Work, Energy and Power - Quick Revision
Work
- W = F·d = Fd cosθ (scalar; via the dot product). Positive (θ<90°), negative (θ>90°, e.g. friction at 180°), zero (θ=90°, or zero force/displacement).
- Variable force: W = ∫F dx = area under the F-x graph.
Energy
- Kinetic energy K = ½mv² (scalar; K = p²/2m).
- Work-energy theorem: W_net = K_f − K_i. (Integral/scalar form of Newton's 2nd law; holds in all inertial frames.)
- Potential energy: gravitational V = mgh; spring V = ½kx². Force from PE: F = −dV/dx.
Conservative vs non-conservative
- Conservative (gravity, spring): work path-independent, zero over a closed loop, derivable from a PE.
- Non-conservative (friction): closed-loop work ≠ 0, no PE.
- Conservation of mechanical energy: K + V = constant when only conservative forces do work.
Power
- P = W/t (average) = F·v (instantaneous).

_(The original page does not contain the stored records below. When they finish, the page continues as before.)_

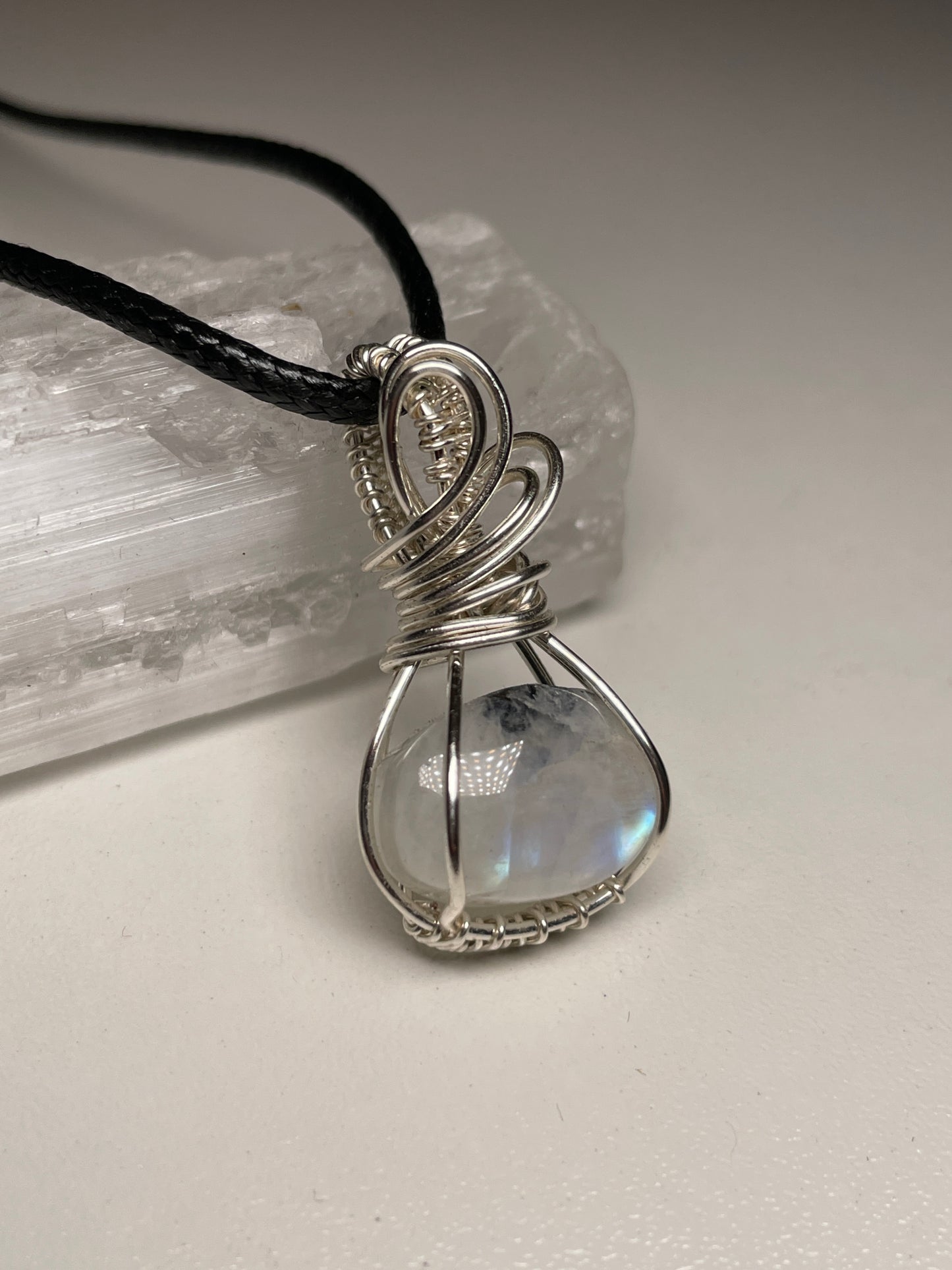 Moonstone pendant (silver)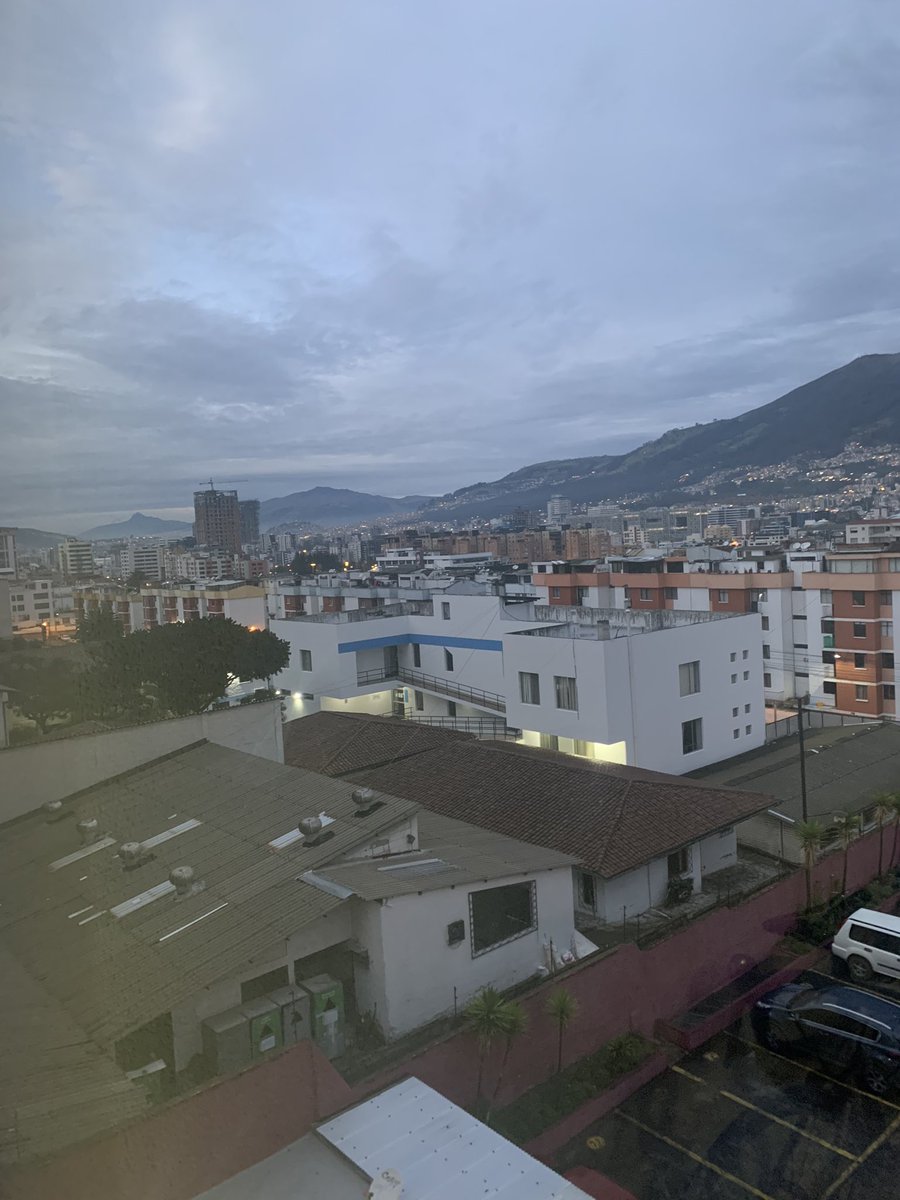 ivanpajuelo2's tweet photo. Instalado en esta preciosa ciudad latinoamericana 🇪🇨 donde los sueños se hacen realidad 🙏 https://t.co/A0CZeEgXHG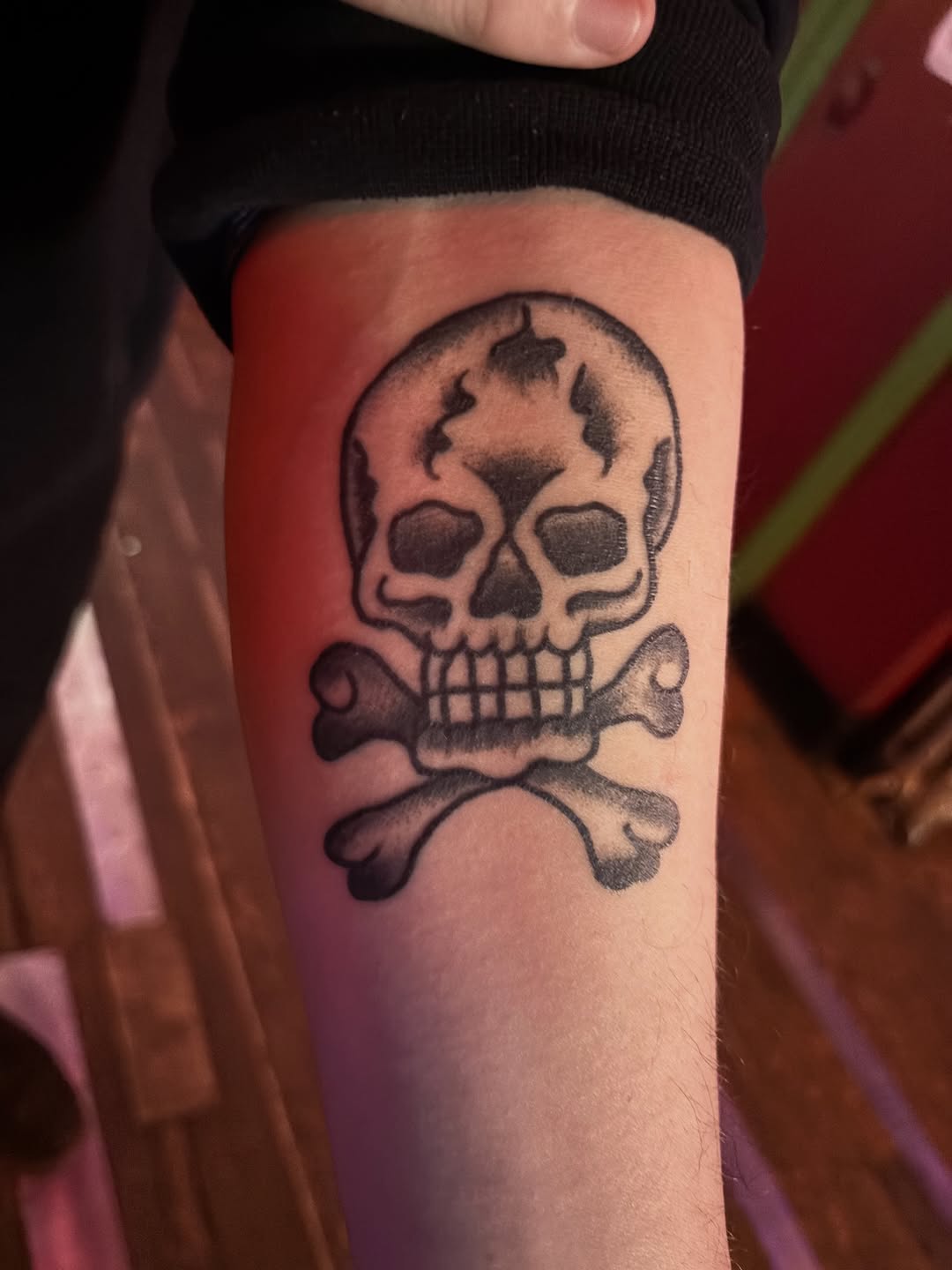 Tattoo by @fracas_tattoo โ american_traditional, blackwork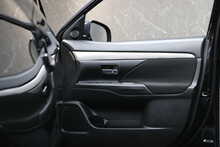 Mitsubishi Outlander DI-D 3 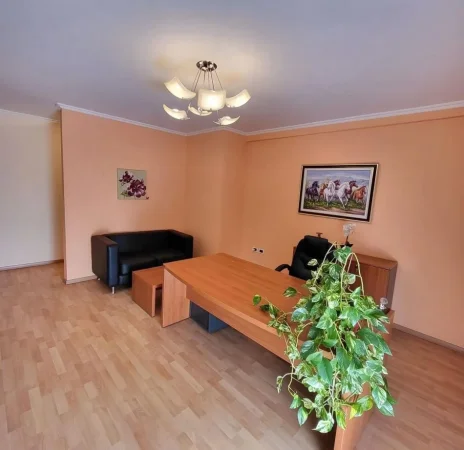 Tirane, jepet me qera apartament 1+1+Ballkon Kati 2, 70 m² 600 € (Stadiumi Dinamo)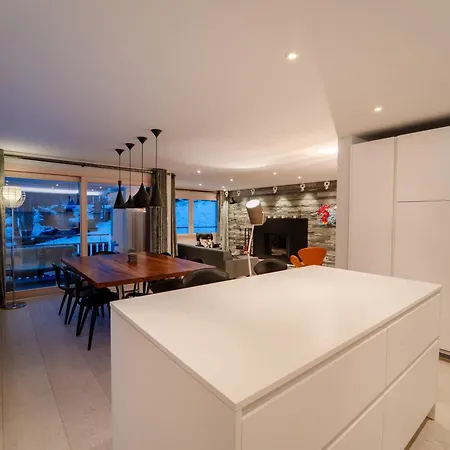 Private Luxury 4 Bedroom In Waldhaus Apartment *
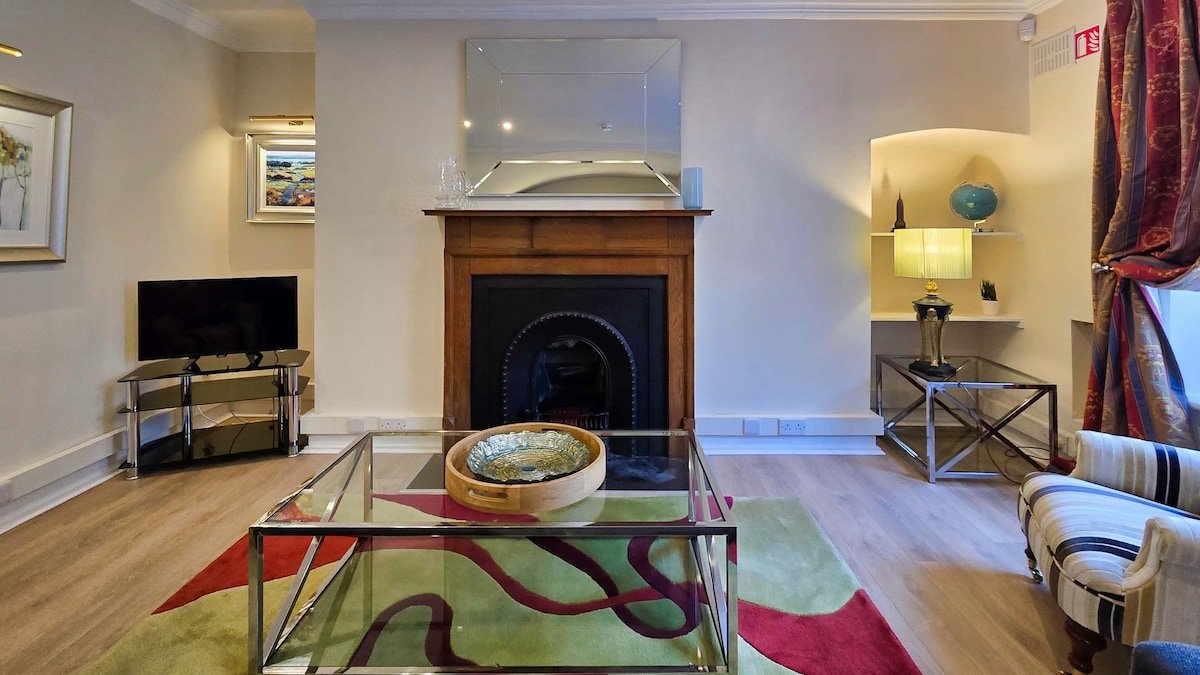 Spacious and Private City Centre Georgian Square A gallery image 3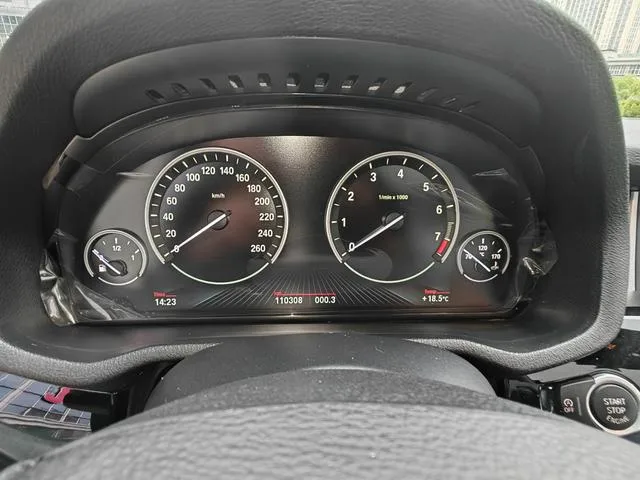 BMW X3 2016 xDrive20i M Deporte interior foto 8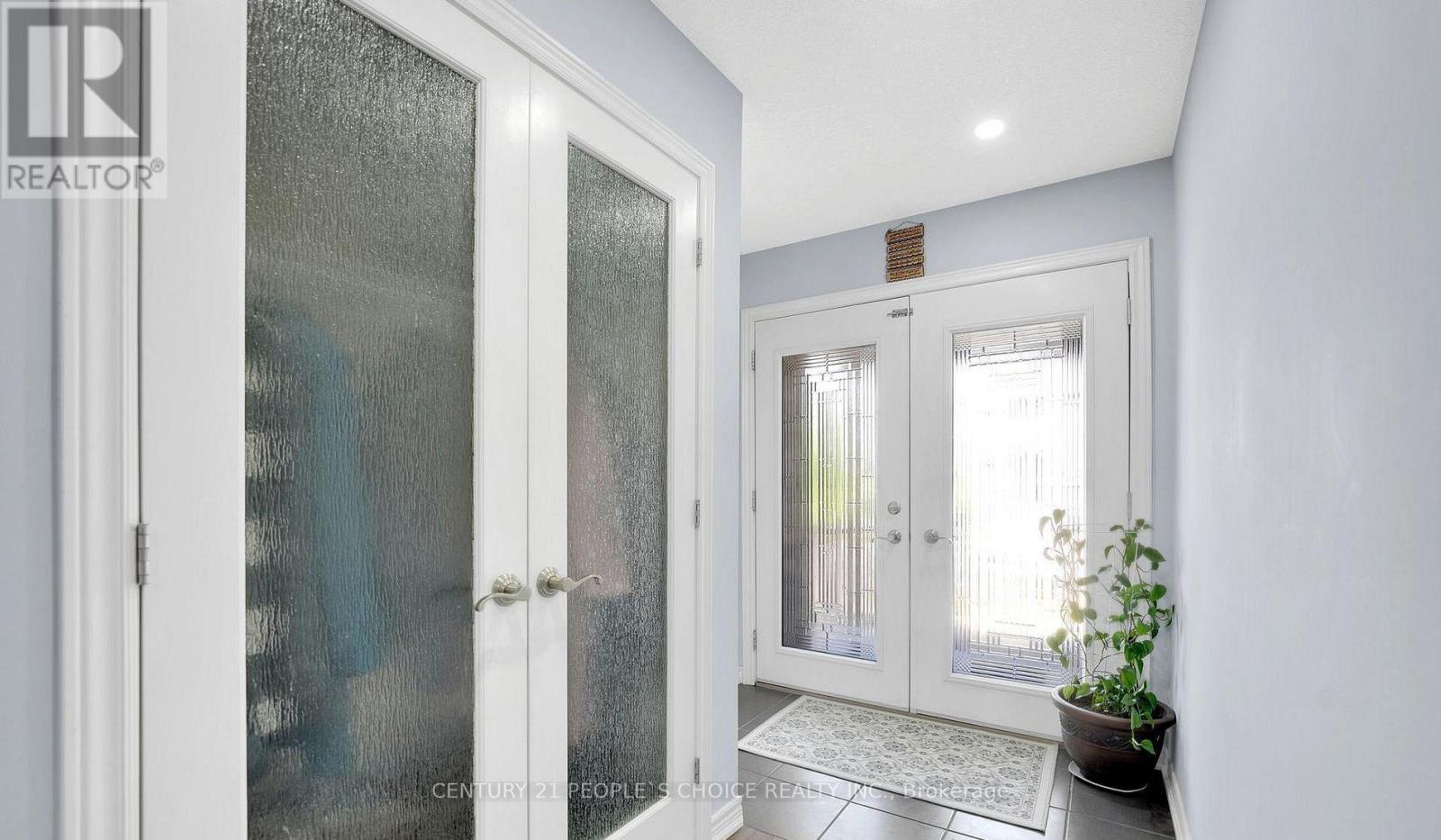 286 Macalister Boulevard, Guelph, Ontario  N1G 0E6 - Photo 4 - X13081544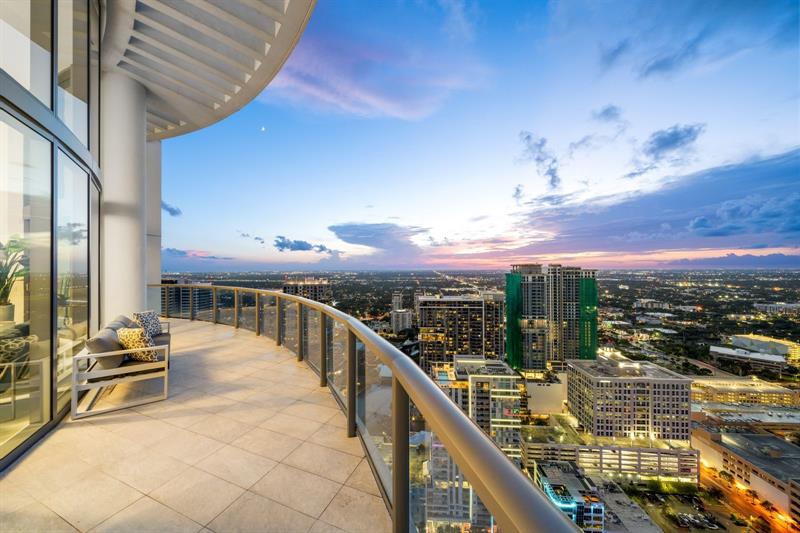 Fort Lauderdale, Florida, 33301, United States, 5 Bedrooms Bedrooms, ,7 BathroomsBathrooms,Residential,For Sale,1940975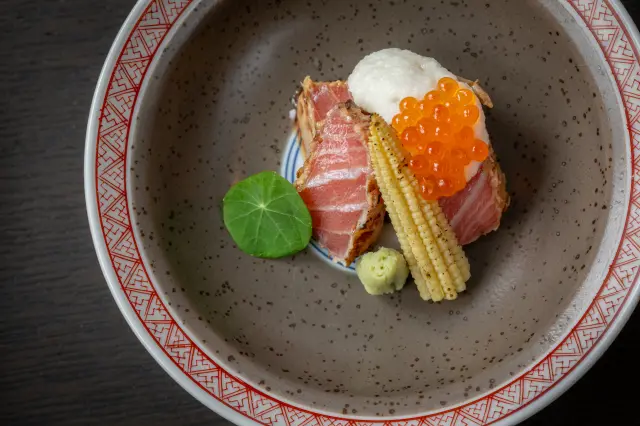 九州の食材を使った旬の料理を堪能できる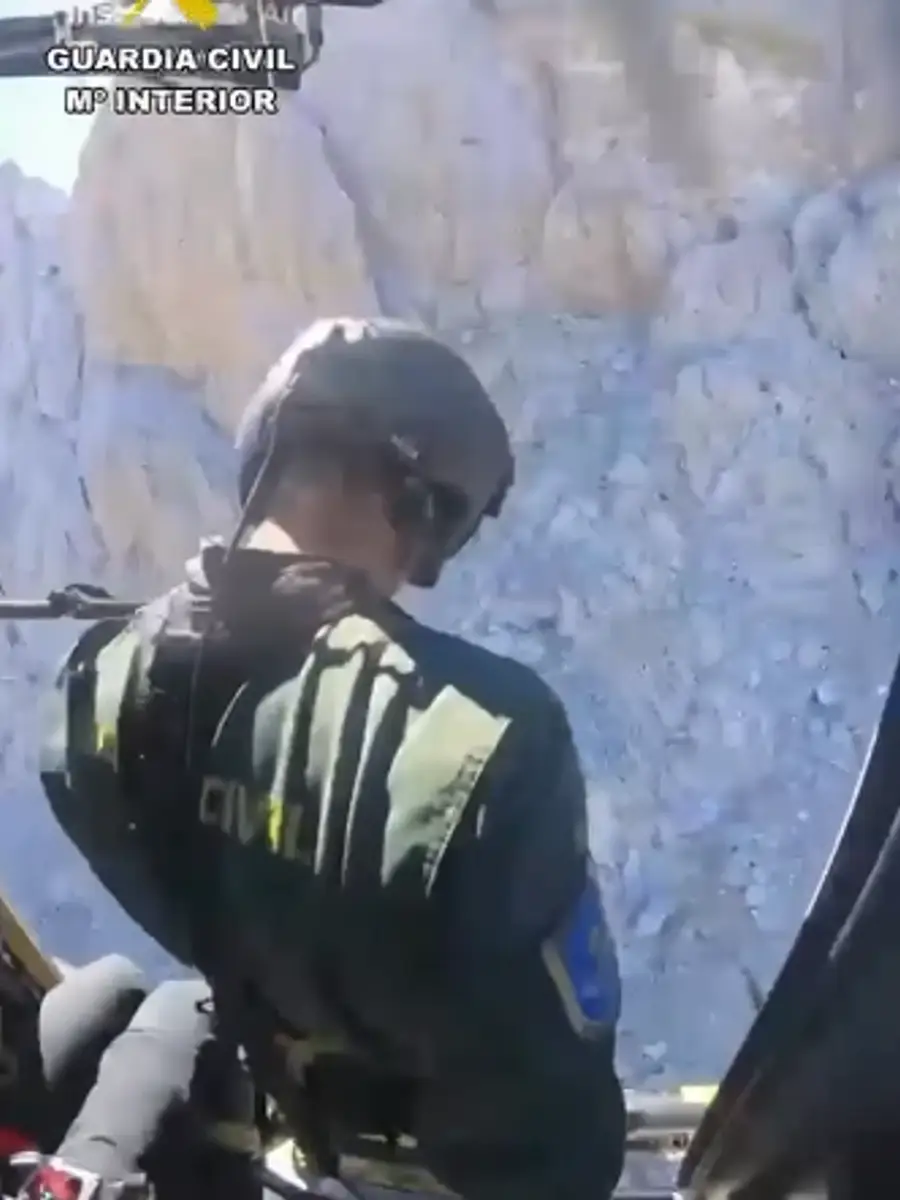 Helicopter rescue teams (Spanish Civil Guard)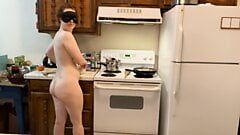 Ginger Peartart inventa una nuova coda di cazzo nuda nell'episodio 45 della cucina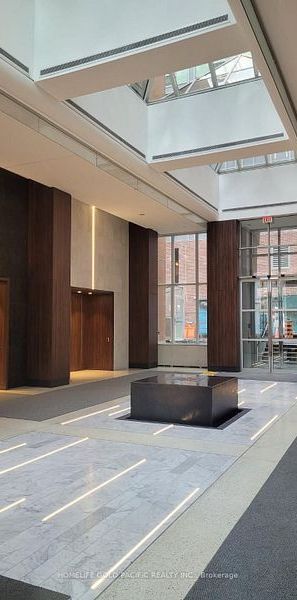 For Lease - 250 Wellington Street Unit# 528, Toronto, Ontario - Photo 2
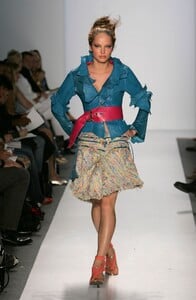 Venexiana-SS2006-14.jpg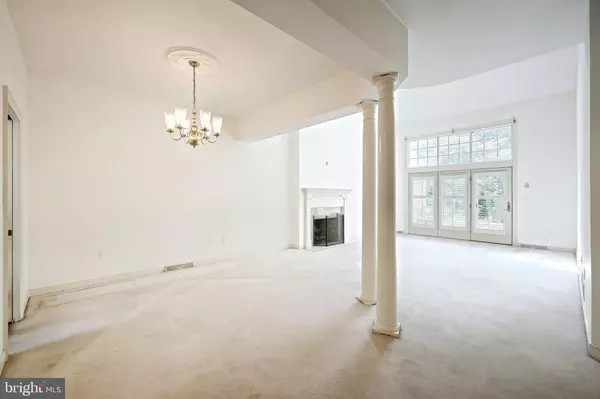 York, PA 17403,2064 ROSEWOOD LN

Scalar; SI unit watt; 1 hp = 746 W; kWh is energy (= 3.6×10⁶ J).
Collisions
- Momentum is conserved in ALL collisions.
- Elastic: KE also conserved. Equal masses (1-D) exchange velocities; light hits heavy → light reverses; equal-mass glancing collision → 90° apart.
- Inelastic: KE not conserved (→ heat/sound). Completely inelastic: bodies move together, v = (m₁u₁+m₂u₂)/(m₁+m₂).
- Coefficient of restitution e = (separation speed)/(approach speed); e=1 elastic, e=0 perfectly inelastic.
Common traps
- Work by friction/braking is negative (θ=180°), NOT perpendicular.
- Only TOTAL momentum/energy of the system is conserved in collisions, not each body's.
- kWh is a unit of energy, not power.